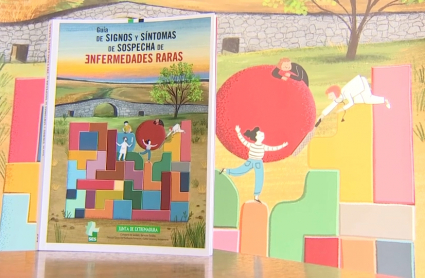 Imagen de la guía sanitaria 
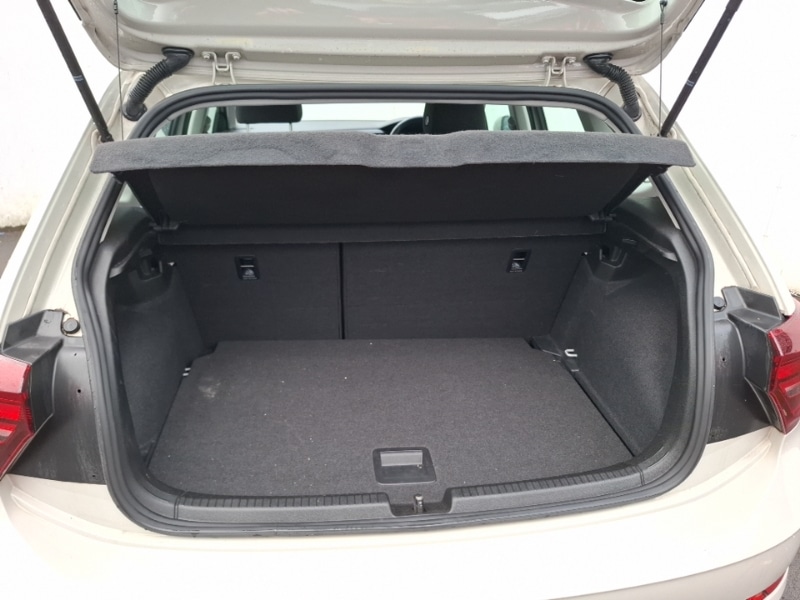 Used Volkswagen Polo 2023 for sale - 76795502: Photo 8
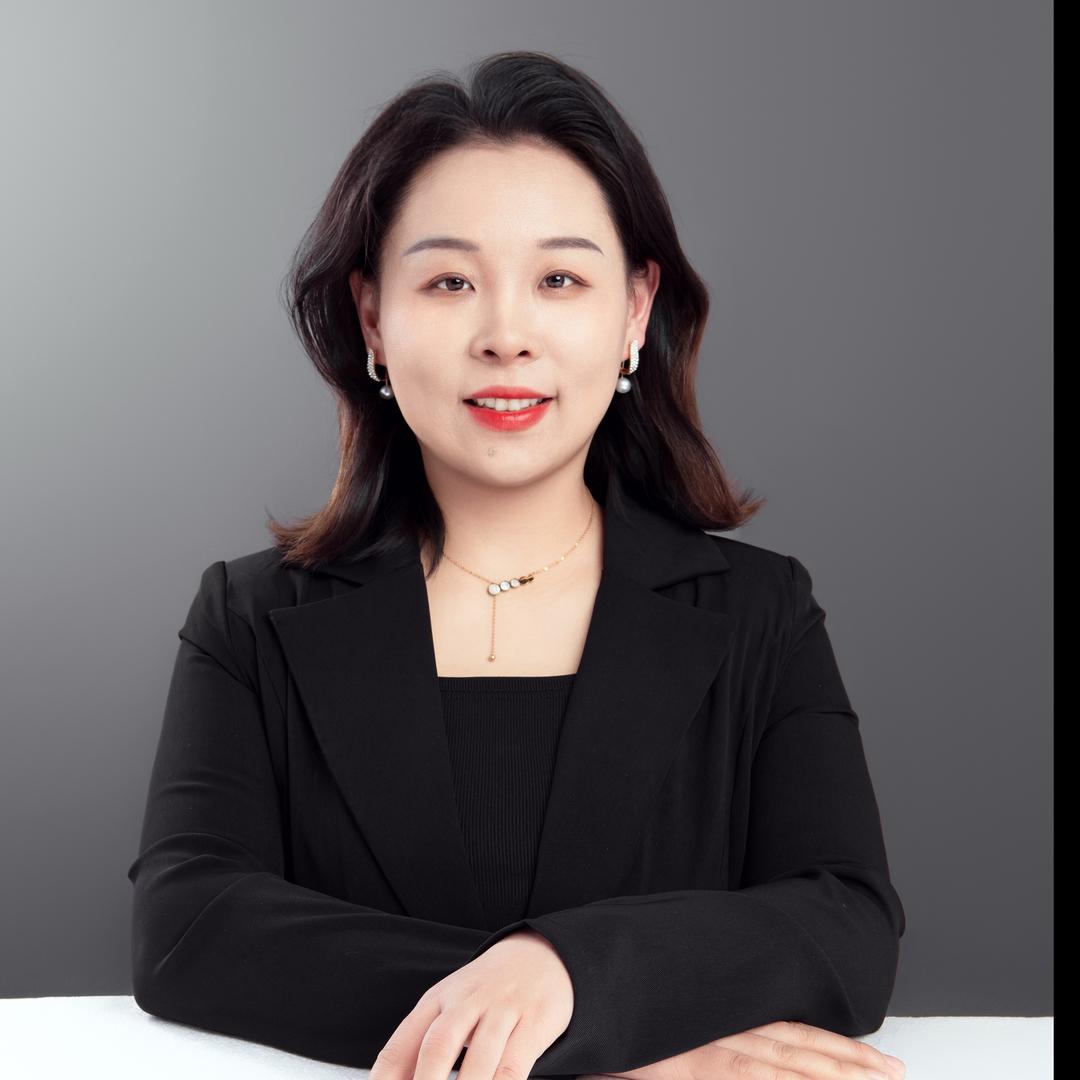 娜娜老师聊家庭教育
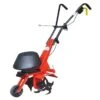Motobineuse Electrique 4 Fraises 1300 W – La Zappa 2 Motobineuse Electrique 4 Fraises 1300 W – La Zappa -Outils De Jardinage motobineuse electrique 1300w 4fraises zappa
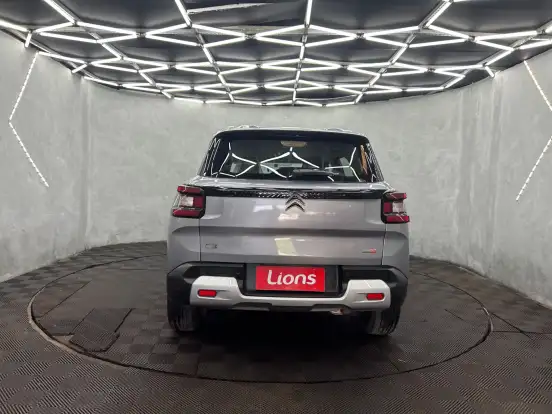 CITROËN-C3 AIRCROSS-2024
________
◆ Aim of the task
The last line of the entries marks the end, and the line with "Used Volkswagen Polo" marks the start. Output exactly those two lines and every line between them, nothing else, with the pictures left out.

◆ Answer space
 Used Volkswagen Polo 2023 for sale - 76795502: Photo 8
 娜娜老师聊家庭教育
Motobineuse Electrique 4 Fraises 1300 W – La Zappa 2 Motobineuse Electrique 4 Fraises 1300 W – La Zappa -Outils De Jardinage motobineuse electrique 1300w 4fraises zappa
 CITROËN-C3 AIRCROSS-2024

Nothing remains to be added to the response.